Gemma 4 QAT models: Optimizing compression for mobile and laptop efficiency

384 points • by theanonymousone • yesterday at 4:18 PM • 120 comments • view on HN

Comments

I just ran one of these locally on a Mac like this:

  uvx litert-lm run \
    --from-huggingface-repo=litert-community/gemma-4-E2B-it-litert-lm \
  gemma-4-E2B-it.litertlm \
    --backend=gpu \
    --prompt="Generate an SVG of a pelican riding a bicycle"

The first time you run that it downloads 3.2GB to ~/.cache/huggingface/hub/models--litert-community--gemma-4-E2B-it-litert-lm

It can handle audio and image input too, which is pretty cool for a 3.2GB model. For images:

  uvx litert-lm run \
    --from-huggingface-repo=litert-community/gemma-4-E2B-it-litert-lm \
  gemma-4-E2B-it.litertlm \
    --backend=gpu --vision-backend gpu \
    --attachment image.jpg --prompt describe

And for audio:

  uvx litert-lm run \
    --from-huggingface-repo=litert-community/gemma-4-E2B-it-litert-lm \
  gemma-4-E2B-it.litertlm \
    --backend=gpu --audio-backend cpu \
    --attachment audio.wav --prompt transcribe

(The pelican is rubbish, but it's only a 3.2GB file so the fact it even outputs valid SVG is impressive to me: https://gist.github.com/simonw/94b318afde4b1ce5ff67d4b5d0362... )

➕ show 3 replies

satvikpendem • yesterday at 5:32 PM

Unsloth's collection as well [0], with their results [1]. Looks like they can get very close to 100% accuracy compared to the BF16 model that is unquantized, and Unsloth's quants are better than the original Google's QAT as posted in the article.

Personal I'm using the 2B model for web search and structured JSON output back via Unsloth Studio and its API, works very well for that even with the model embedded on phones.
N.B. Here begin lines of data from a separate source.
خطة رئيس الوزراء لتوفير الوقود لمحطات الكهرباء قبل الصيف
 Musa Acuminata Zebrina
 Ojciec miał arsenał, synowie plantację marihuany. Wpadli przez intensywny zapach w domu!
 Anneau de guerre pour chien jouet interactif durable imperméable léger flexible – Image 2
[0] https://huggingface.co/collections/unsloth/gemma-4-qat

[1] https://unsloth.ai/docs/models/gemma-4/qat#qat-analysis

➕ show 4 replies

jhatax • yesterday at 9:50 PM

It’s the Friday before WWDC during which Apple is going to announce an “improved” Siri based on Google models (a locked partnership, for now). Maybe it’s a coincidence, but this might be Google releasing models that will be showcased next week by Apple?

No knowledge, just speculation.

➕ show 2 replies

jbarrow • yesterday at 8:42 PM

Very impressed with how much the Gemma ecosystem has advanced just this week.

Gemma 12B, multitoken prediction, and official quants released. Feels like Google is putting real effort into this string of releases, and I'm very excited to see that!

minimaxir • yesterday at 5:14 PM

It's a bit awkward to release Gemma 4 12B (https://news.ycombinator.com/item?id=48385906), and then a canonical Q4_0 Gemma 4 12B a couple days later.

It's good that this post lists the expected VRAM usage for the models with Q4_0 Gemma 4 12B being 6.7GB, which will indeed fit Google's claims of fitting within 16GB comfortably, altough it confirms that only the quantized version will do so.

Relatedly, in Google's newly released Edge Gallery for macOS, Gemma 4 12B is explicitly listed as unsupported due to not enough RAM even on a 16GB machine, but given the expected VRAM usage here the Q4_0 variant definitely should fit and Google should fix that.

➕ show 2 replies

taffydavid • today at 7:32 AM

Noob q: can advancements like this targeted at local inference have bonus effects for cloud inference? Presumably if you can get great results on cheaper hardware that also equates to less resource usage on cutting edge hardware, and less power draw?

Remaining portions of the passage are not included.